→ Exercise directions
Carry over every entry exactly as written, though not the pictures it contains.
******
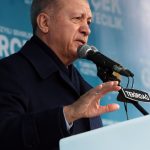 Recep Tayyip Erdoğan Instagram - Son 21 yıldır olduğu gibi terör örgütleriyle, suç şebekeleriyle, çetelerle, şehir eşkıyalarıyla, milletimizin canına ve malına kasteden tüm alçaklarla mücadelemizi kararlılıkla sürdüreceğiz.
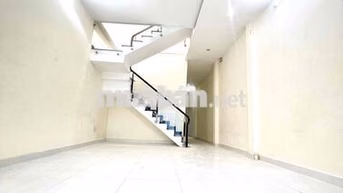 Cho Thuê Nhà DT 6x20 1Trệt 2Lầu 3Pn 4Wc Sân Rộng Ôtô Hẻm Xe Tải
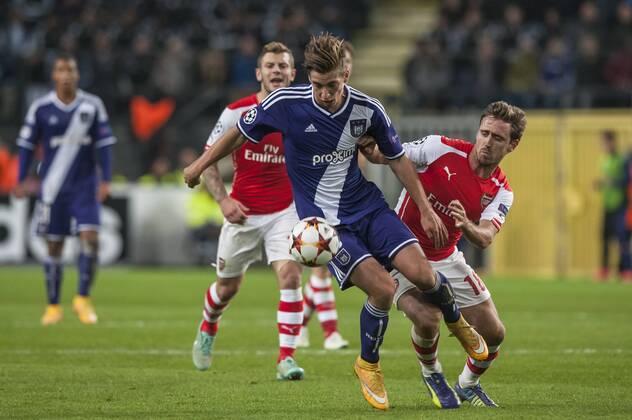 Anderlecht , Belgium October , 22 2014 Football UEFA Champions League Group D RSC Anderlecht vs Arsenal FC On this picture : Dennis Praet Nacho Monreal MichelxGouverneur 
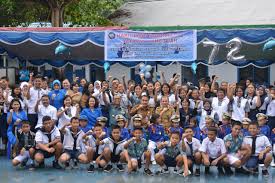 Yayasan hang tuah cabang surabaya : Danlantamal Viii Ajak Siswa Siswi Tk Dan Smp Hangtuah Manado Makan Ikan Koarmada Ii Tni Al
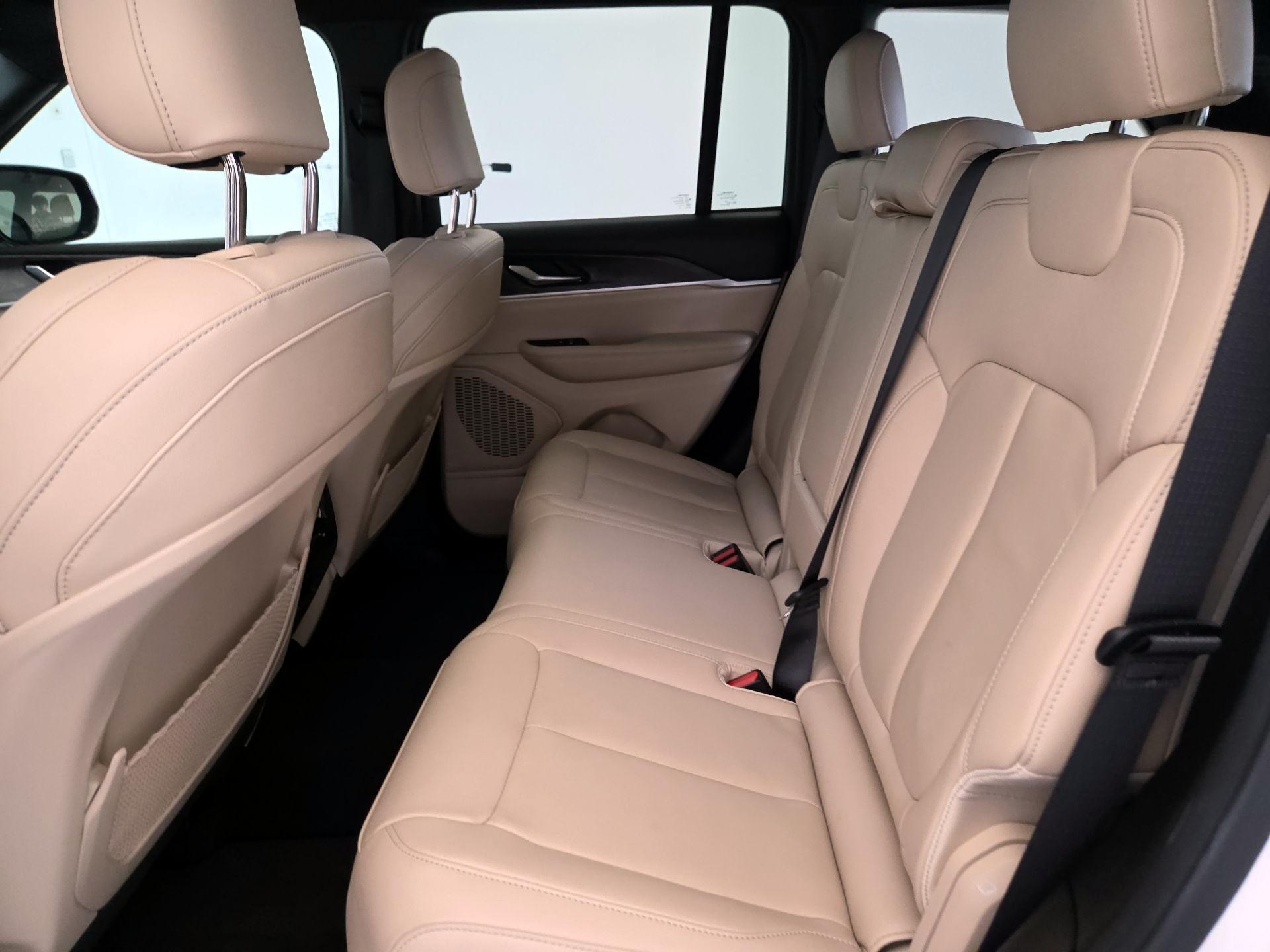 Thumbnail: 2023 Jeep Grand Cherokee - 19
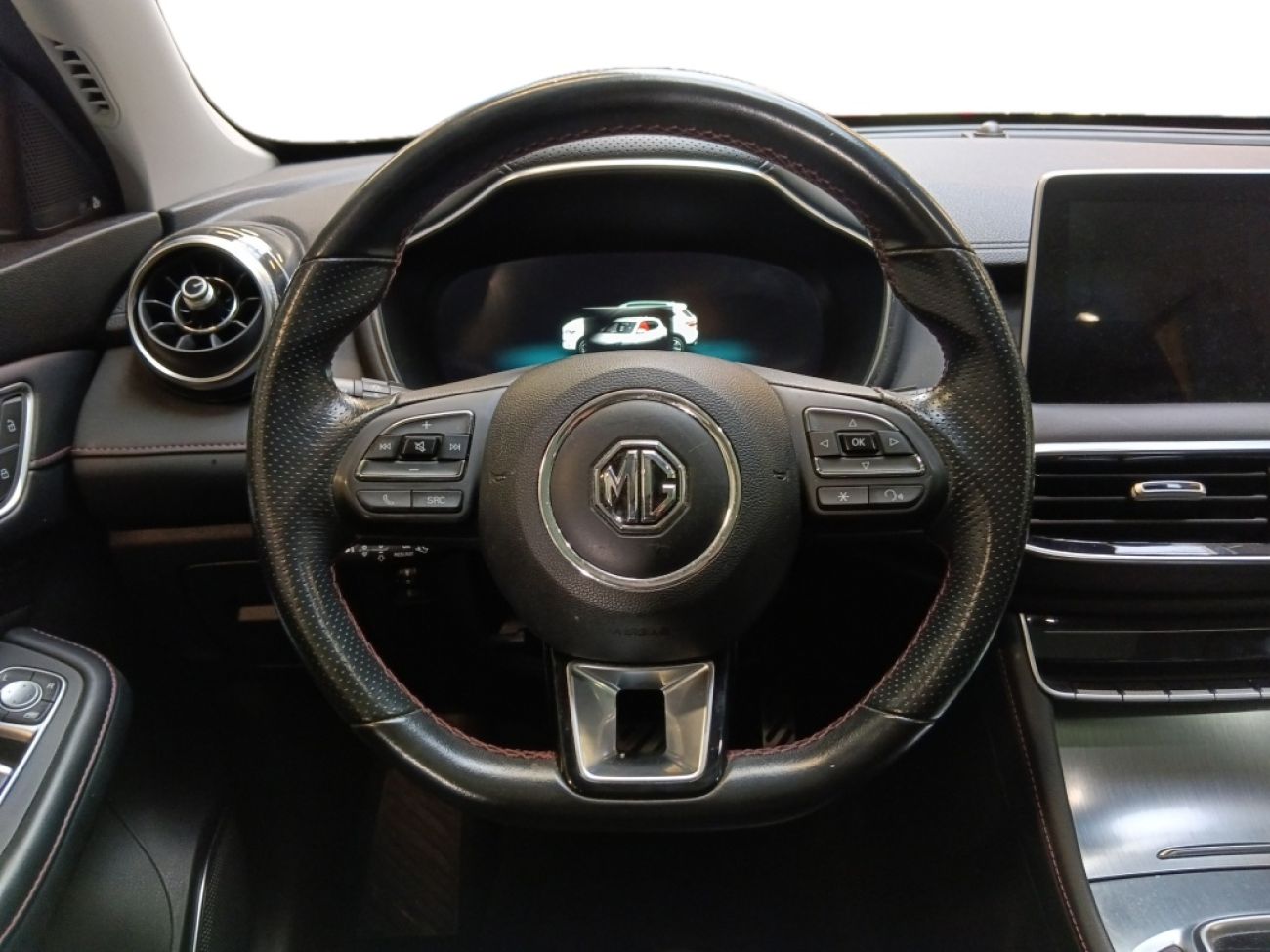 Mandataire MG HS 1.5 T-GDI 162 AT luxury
******
→ Response to the exercise
 Recep Tayyip Erdoğan Instagram - Son 21 yıldır olduğu gibi terör örgütleriyle, suç şebekeleriyle, çetelerle, şehir eşkıyalarıyla, milletimizin canına ve malına kasteden tüm alçaklarla mücadelemizi kararlılıkla sürdüreceğiz.
 Cho Thuê Nhà DT 6x20 1Trệt 2Lầu 3Pn 4Wc Sân Rộng Ôtô Hẻm Xe Tải
 Anderlecht , Belgium October , 22 2014 Football UEFA Champions League Group D RSC Anderlecht vs Arsenal FC On this picture : Dennis Praet Nacho Monreal MichelxGouverneur 
 Yayasan hang tuah cabang surabaya : Danlantamal Viii Ajak Siswa Siswi Tk Dan Smp Hangtuah Manado Makan Ikan Koarmada Ii Tni Al
 Thumbnail: 2023 Jeep Grand Cherokee - 19
 Mandataire MG HS 1.5 T-GDI 162 AT luxury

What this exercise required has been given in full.